Hi all, I have the same error too.
Base code:
def get_curve(df, label=''):
df['TIMESTAMP'] = pd.to_datetime(df['TIMESTAMP'])
return hv.Curve(df, ('TIMESTAMP', 'Time'), ('VALUE_NUM', 'Value'), label=label)
curve = get_curve(df, 'My chart')
Data structure:
curve.options(width=1000)
Note: there is some gap between the data
Using datashader:
ds_curve = datashade(curve, normalization='linear', aggregator=ds.count()).opts(opts.RGB(width=1000, height=400))
ds_curve
--> Raise error as mentions above
I already apply some fixes:
- Increase the
rtol
as @fwrite mention:
hv.extension("bokeh", config=dict(image_rtol=1000))

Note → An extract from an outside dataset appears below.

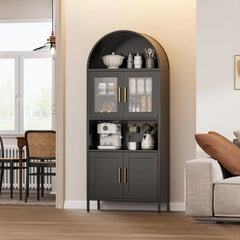 73 In Tall Metal Arched Cabinet, Kitchen Pantry Cabinet With Glass Door, Modern Farmhouse Arched Bookcase With 2 Adjustable Shelves For Living Room, Black, Assembly Required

However, when this number increase, the performance is very poor
- Convert the datetime to int, the chart work well with good performance
def get_curve(df, label=''):
df['TIMESTAMP'] = pd.to_datetime(df['TIMESTAMP']).astype('int64')

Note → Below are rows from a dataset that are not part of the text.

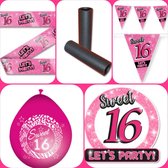 Sweet Sixteen Versierpakket XL , Verjaardag, 16 Jaar, Feest, Roze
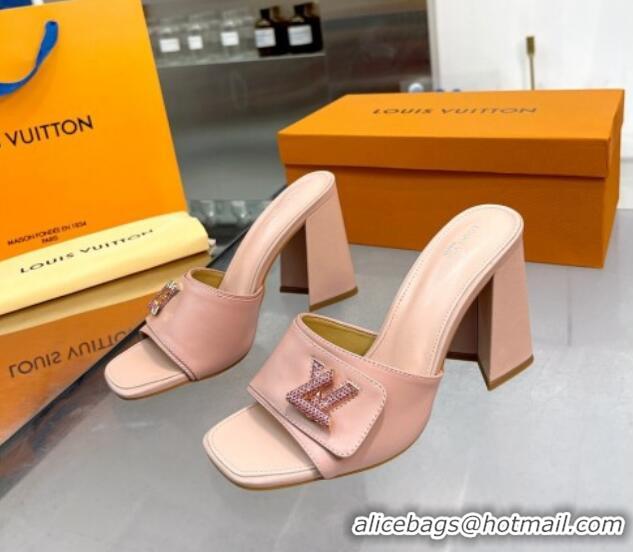 Unique Style Louis Vuitton Shake Leather Heel Slide Sandals 9.5cm with Crystal LV Twist Light Pink 1013046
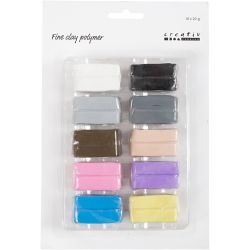 Pâte Polymère Fine, couleurs pastel, 10x20 gr/ 1 Pq.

return hv.Curve(df, ('TIMESTAMP', 'Time'), ('VALUE_NUM', 'Value'), label=label)
curve = get_curve(df, 'Chart title')
ds_curve = datashade(curve, normalization='linear', aggregator=ds.count()).opts(opts.RGB(width=800, height=300))
ds_curve
So i think increase image_rtol is not a good solution, and not the root cause (because I can plot when converting to int64
I think we should add a option to disable this error when plotting (to use in another case like render in html, rather than global option rtol for Jupiter Notebook)

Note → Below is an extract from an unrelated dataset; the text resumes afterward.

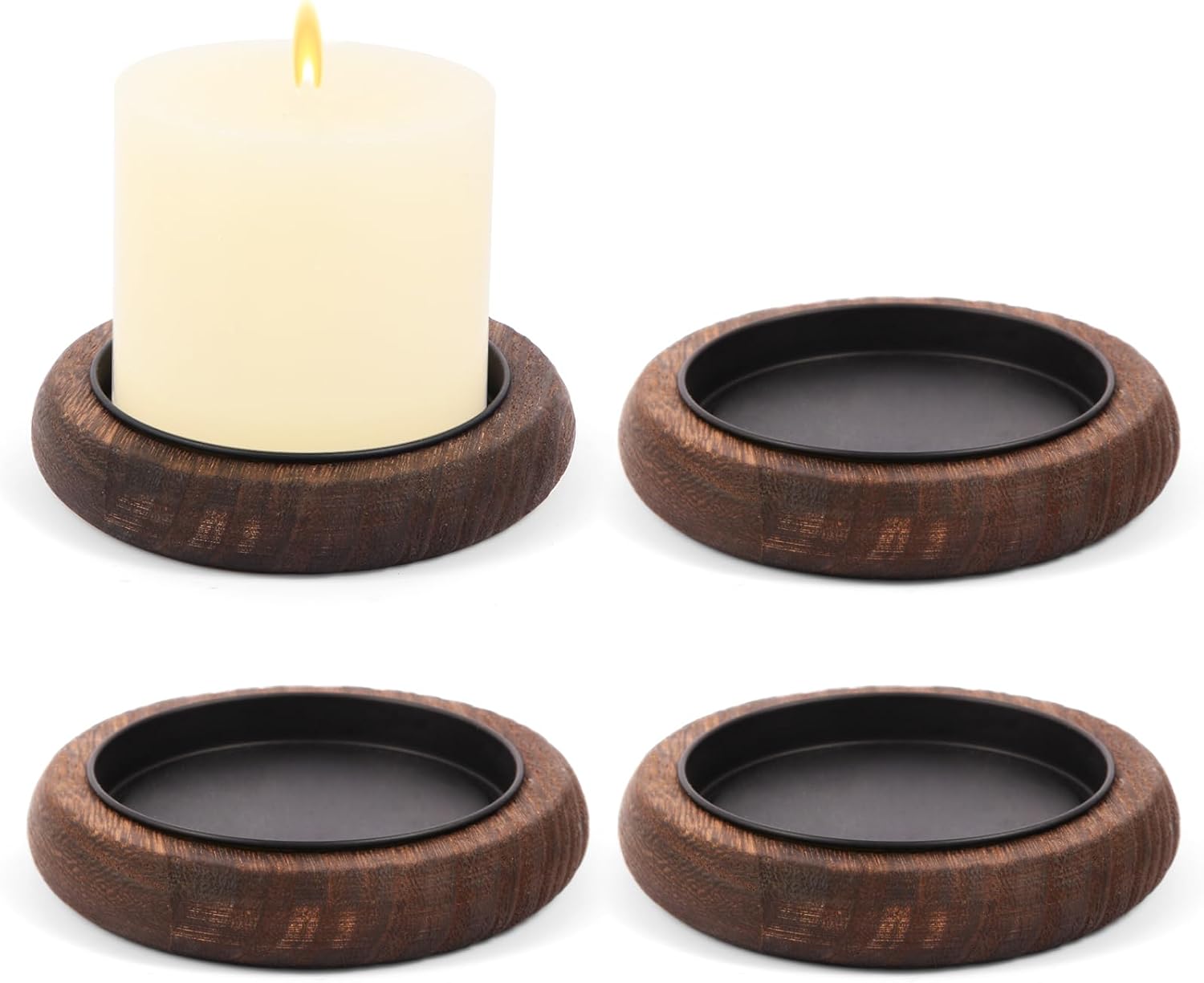 Round Farmhouse Brown Pillar Candle — Brown*4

The problem still appears when using regrid. I noticed that the same amount of data can work fine or break - depends on when it is - see MRE below.
My env: python 3.7.6, bokeh==2.2.3, datashader==0.11.1, holoviews==1.14.0 (problem also appears on the latest versions: bokeh==2.3.1, datashader==0.12.1, holoviews==1.14.3).
import pandas as pd
import numpy as np
import holoviews as hv
from holoviews.operation.datashader import regrid
hv.extension("bokeh")
nt = 10000
nd = 5000
time = pd.to_datetime(np.arange(nt), unit="s").values # year 1970 (broken)
# time = pd.to_datetime(np.arange(nt) + 10**9, unit="s").values # year 2001 (works fine)
distance = np.arange(nd)
data = np.random.rand(nd, nt)
im = hv.Image((time, distance, data))
regrid(im)
Traceback:
WARNING:param.dynamic_operation: Callable raised "ValueError('Supplied Image bounds do not match the coordinates defined in the data. Bounds only have to be declared if no coordinates are supplied, otherwise they must match the data. To change the displayed extents set the range on the x- and y-dimensions.')".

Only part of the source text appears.